Overall, I thought Sanger did a good job of describing the state of the art in robotic military systems and addressing the potential sociological and psychological impact of using these systems in current and future military operations. From my perspective, the central operational issue in using armed robotic systems in combat is balancing autonomy with effective human control (the focus of Sanger's Chapter 6.). In my view, he correctly refers to this topic as the "Issue-That-Must-Not-Be-Discussed." I was particularly struck by the difference between the attitude of those having the most on-the-ground experience with these systems (e.g. Robert Quinn's remark on page 124 that he can't even imagine how unmanned systems would "ever be able to autonomously fire their weapons.") and the almost casual attitude on this subject expressed by many of the decision makers we deal with daily. Their attitude is best summarized by the remark attributed to an unnamed former secretary of the army who responded "No" when asked if he could identify any challenges that the greater use of unmanned systems would bring to the military.
The reality associated with greater autonomy on the part of armed robotic systems is that there will likely be many more "oops moments" (Sanger's page 196) than are politically and operationally tolerable. Based on our assessment of the Patriot fratricides during the recent Gulf War, these incidents were an example of an oops moment on the part of an armed robotic system. If the past is any indicator of the future, such incidents will result in initial "surprise" and "shock" on the part of the leadership that these advanced systems behaved thusly, followed by the imposition of restrictive rules of engagements that effectively take the offending system out of the fight. Sanger is correct that we need a more realistic assessment by those in policy-making jobs of the potential problems associated with the use of armed, autonomous robotic systems in actual combat--but I'm not holding my breath waiting for this to happen.

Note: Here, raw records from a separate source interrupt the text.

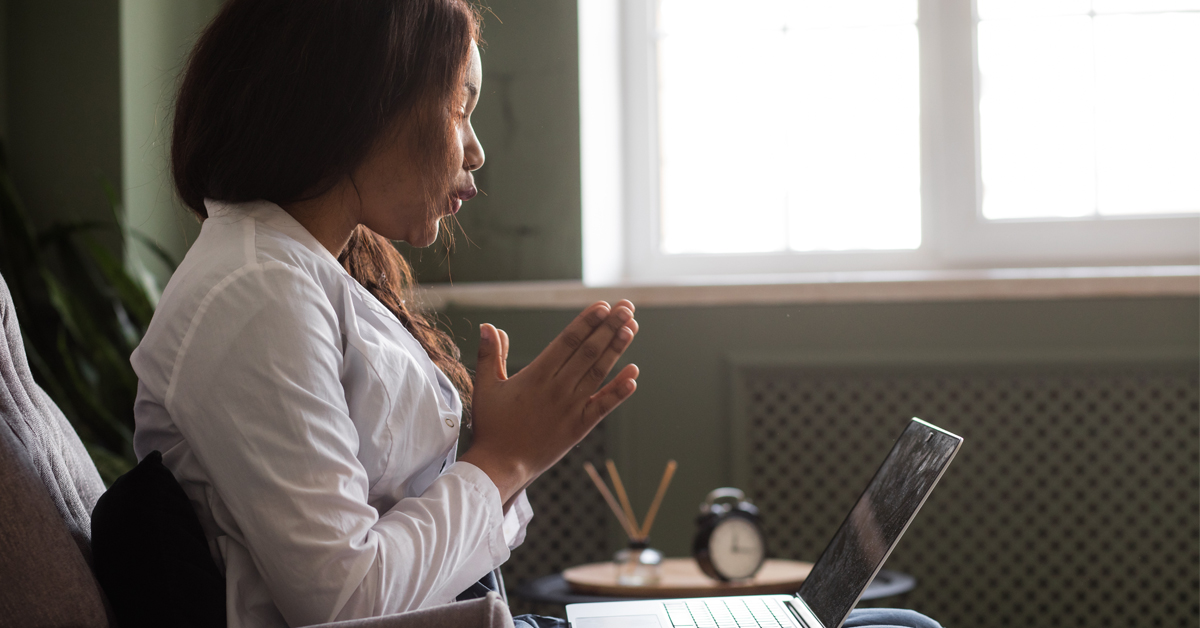 A patient talking with a mental health professional in a telehealth consultation.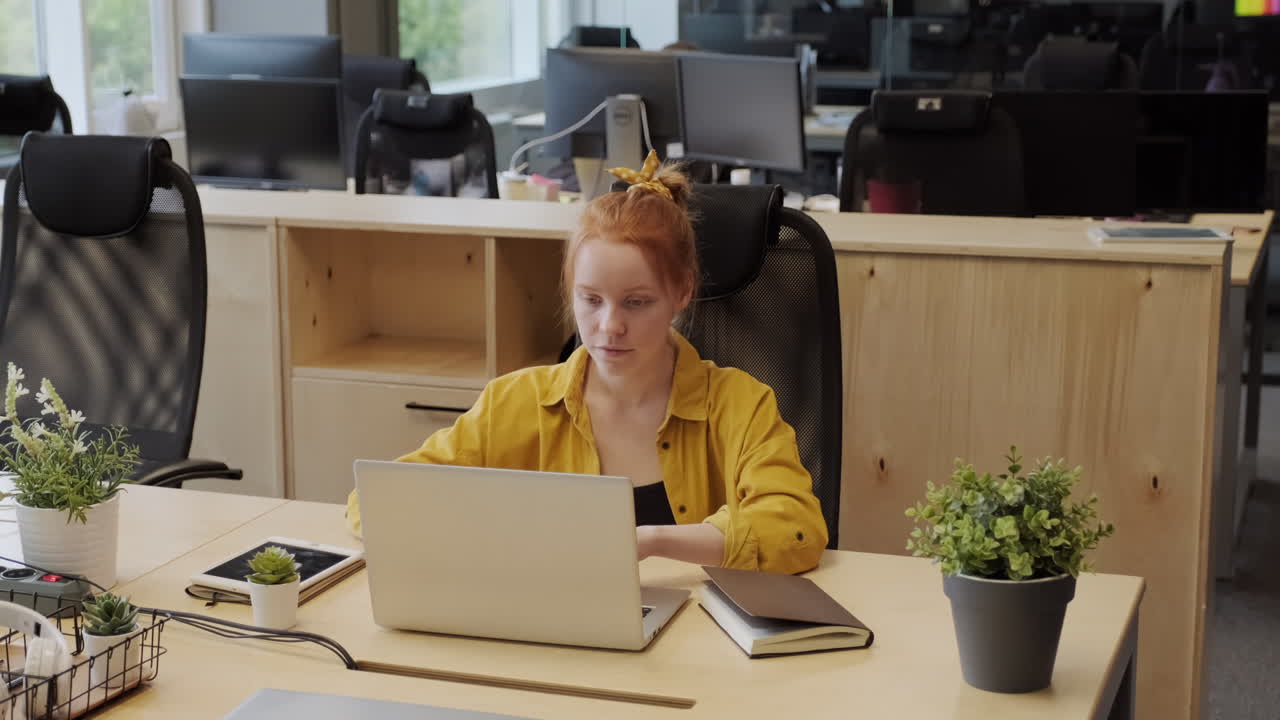 Red-Haired Woman Working In Office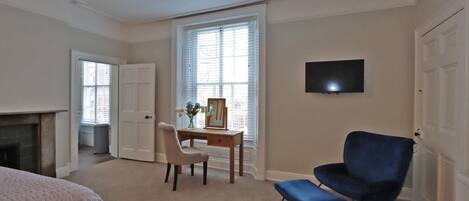 A bedroom with a bed, a desk with a chair, a TV, and a fireplace.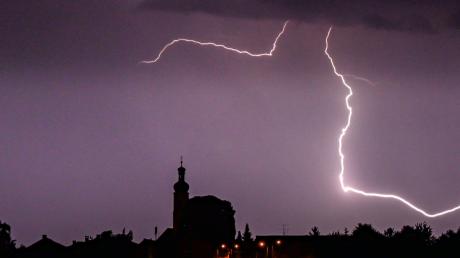 Blitze entladen sich aus einer Gewitterwolke über einer Kirche in Niederbayern.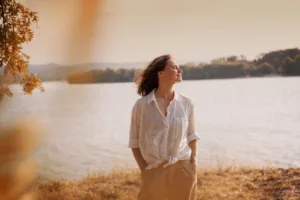 A woman standing near a lake feeling relaxed and confident.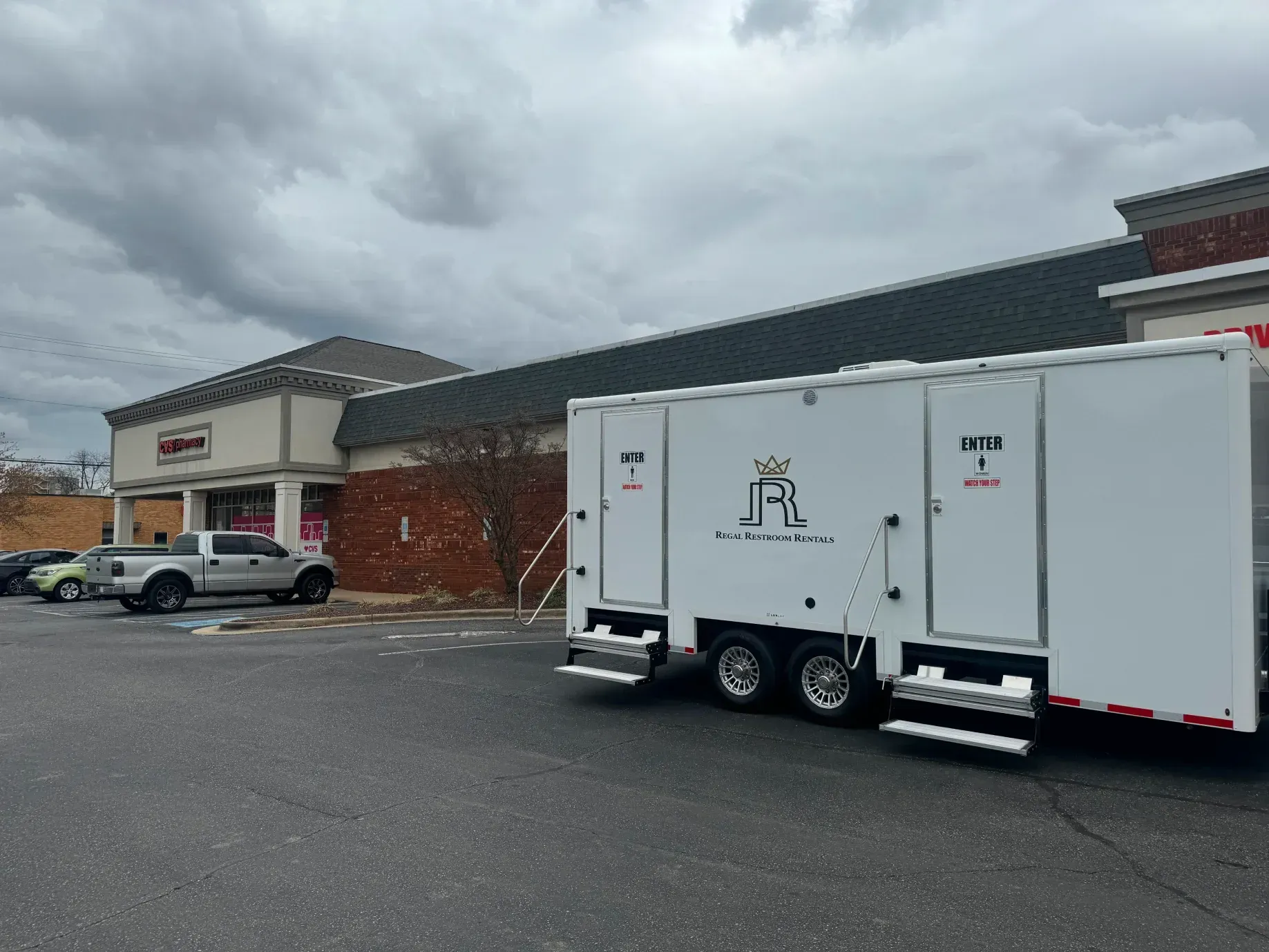White trailer parked in front of a brick shopping center under a cloudy sky.
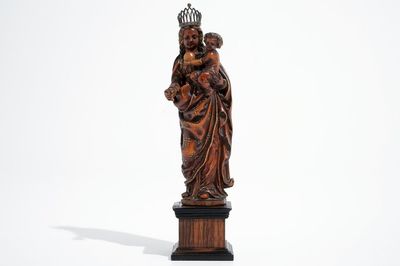 A carved and partial gilt boxwood Madonna with child on rosewood base, 16/17th C.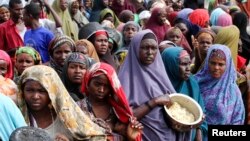  Internally displaced Somali women wait for food at a camp in the capital Mogadishu, July 2011.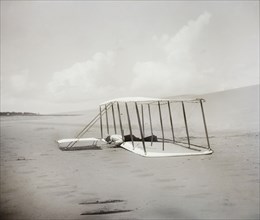 Wilbur Wright in prone position on glider just after landing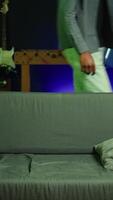 Vertical Fatigued player in RGB lit home late at night gaming with gamepad. Sleepy person sitting on sofa in neon illuminated apartment, playing videogames on console, looking exhausted, camera B video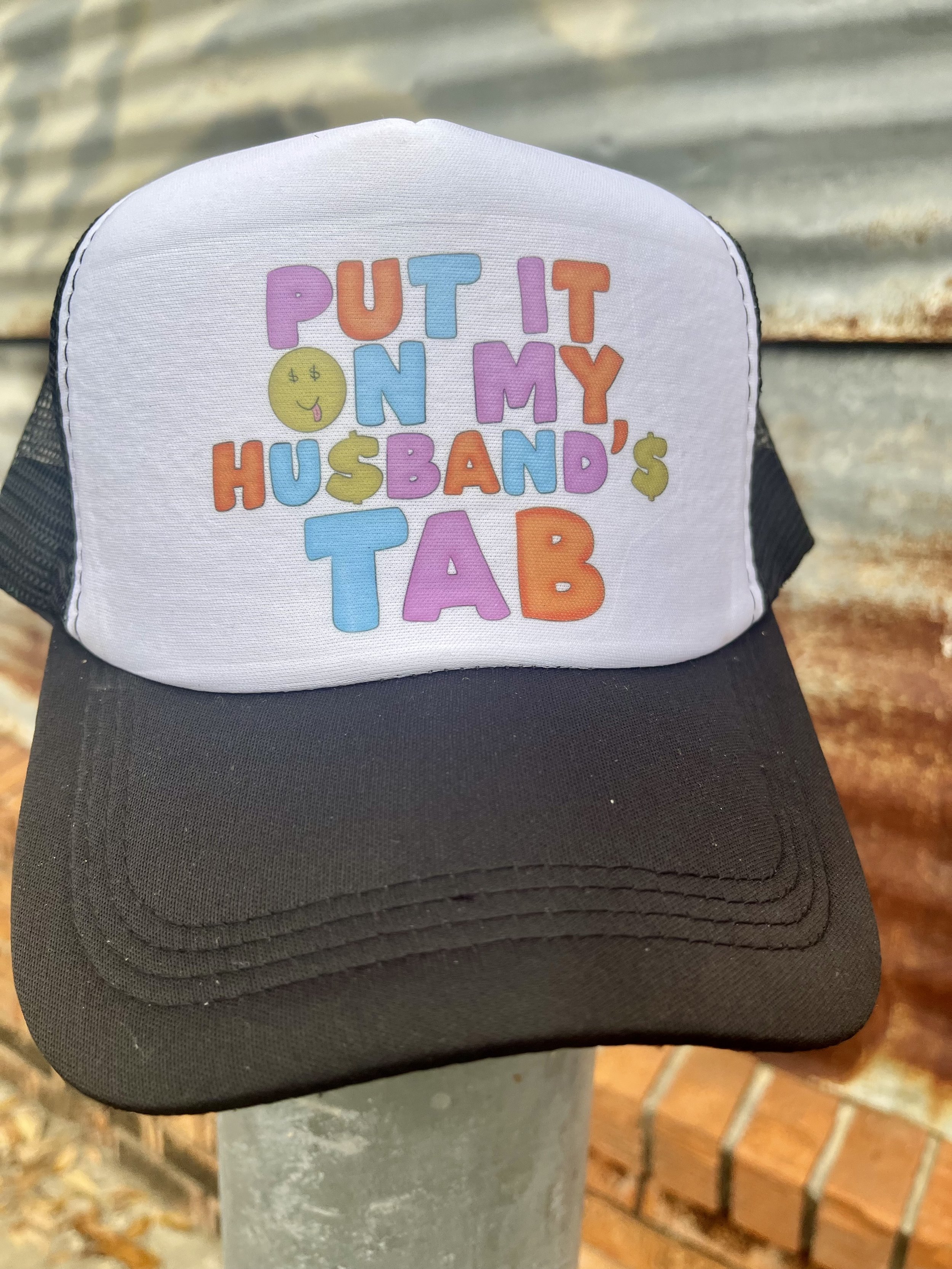 Put it on my husband’s tab trucker hat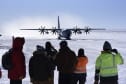 Group of people seen from behind in the foreground, large propellor plane approaching on ice in the background.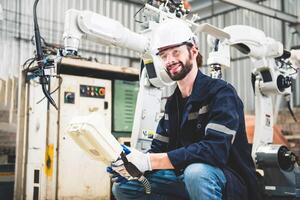 ingenieurs team monteur gebruik makend van computer controleur robot arm voor lassen staal in staal fabriek werkplaats. industrie robot programmering software voor geautomatiseerd fabricage technologie foto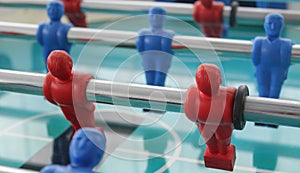 A view on red and blue plastic table football players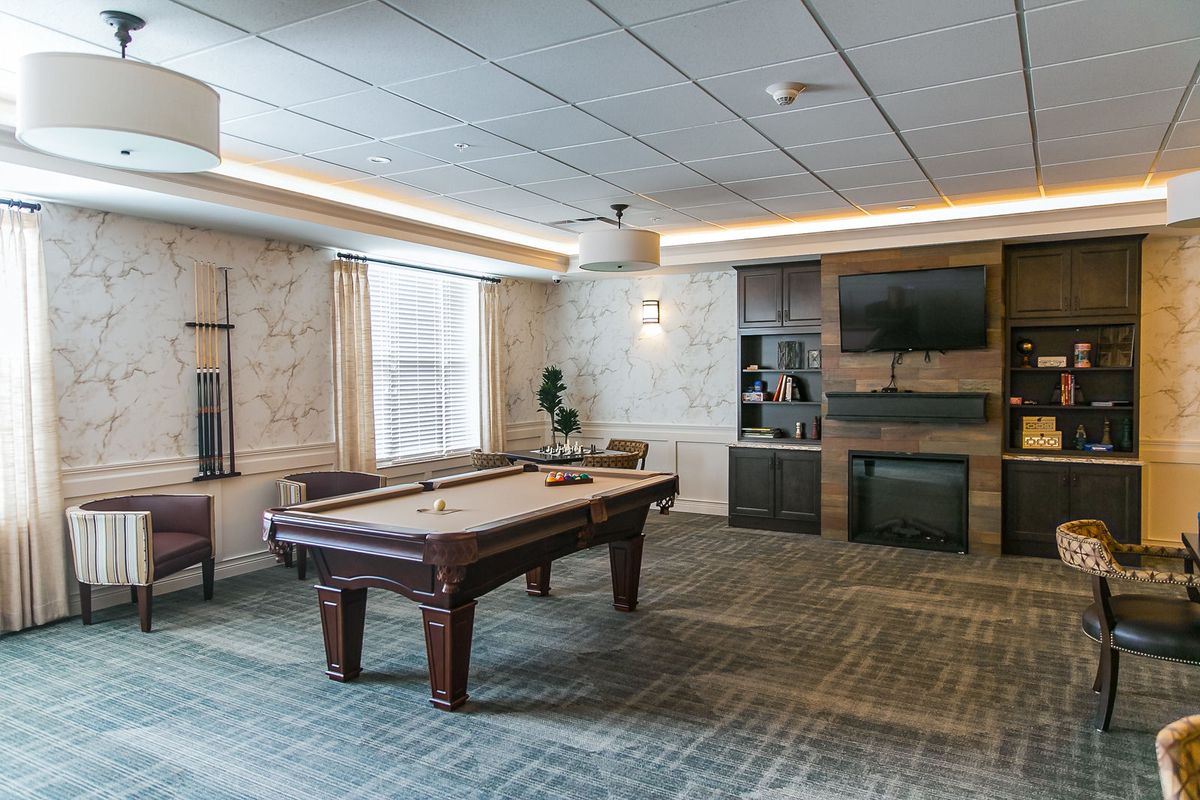 A modern game room featuring a pool table and entertainment setup.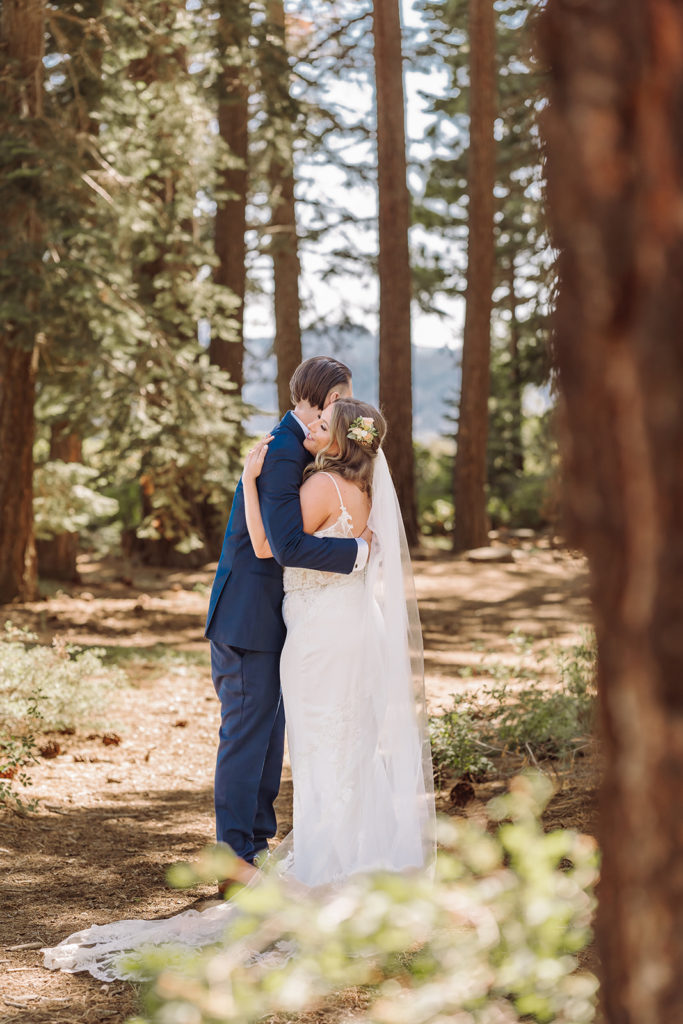 Lake Tahoe, California mountain, forest and beach wedding with the most beautiful wooden mountain peak arch decor. This was considered a fairly intimate small wedding. The views did not disappoint and neither did the bride in her gorgeous romantic A line wedding dress. Photographed by Bay Area photographer, Kati Douglas with Xilo Photography in Oakland, CA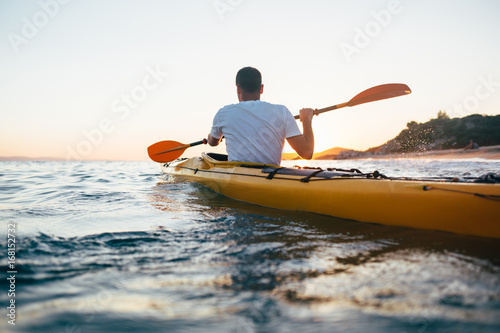 Man kayaker paddling the kayak at sunset sea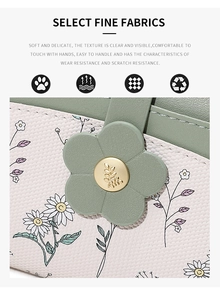 Detail of floral PU leather wallet featuring smooth green flap and golden flower buckle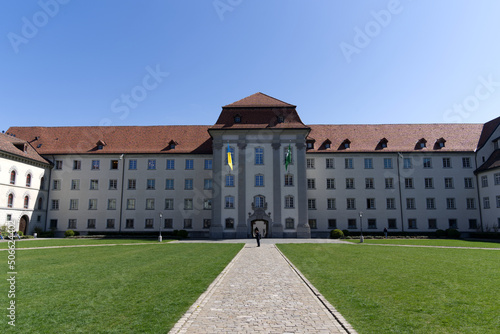 Flags of Canton St. Gallen and the Ukraine at government building blowing in the wind on a sunny spring day. Photo taken April 19th, 2022, St. Gallen, Switzerland. © Michael Derrer Fuchs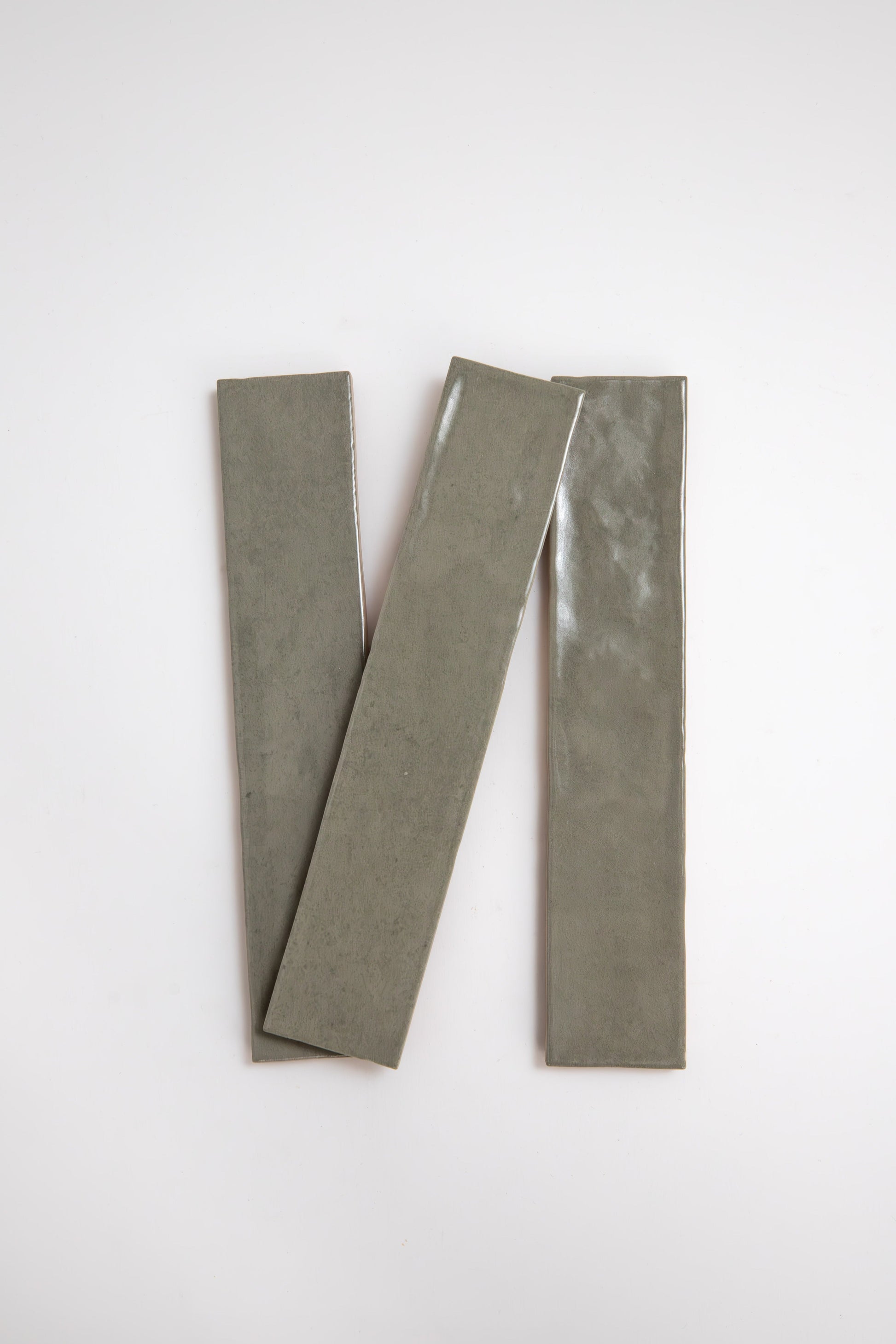 Three long, narrow Skye Green tiles by Cottage Ivy are arranged diagonally on a plain white background.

Armed robotic systems will be fielded. They will be allowed to operate autonomously. Oops moments will occur. And unpleasant fallout and scapegoating will take place in the aftermath of such incidents. The issue of control in accord with human intent versus the illusion of control is complex and will not easily be solved. Software glitches aside, oops moments will mostly result from what Dave Woods of Ohio State University terms the "brittleness problem of automata:" An inability to satisfactorily handle unusual or ambiguous situations. I fear that the "Strong AI" necessary to satisfactorily address the brittleness problem will remain tantalizingly just over the technical horizon for some time to come.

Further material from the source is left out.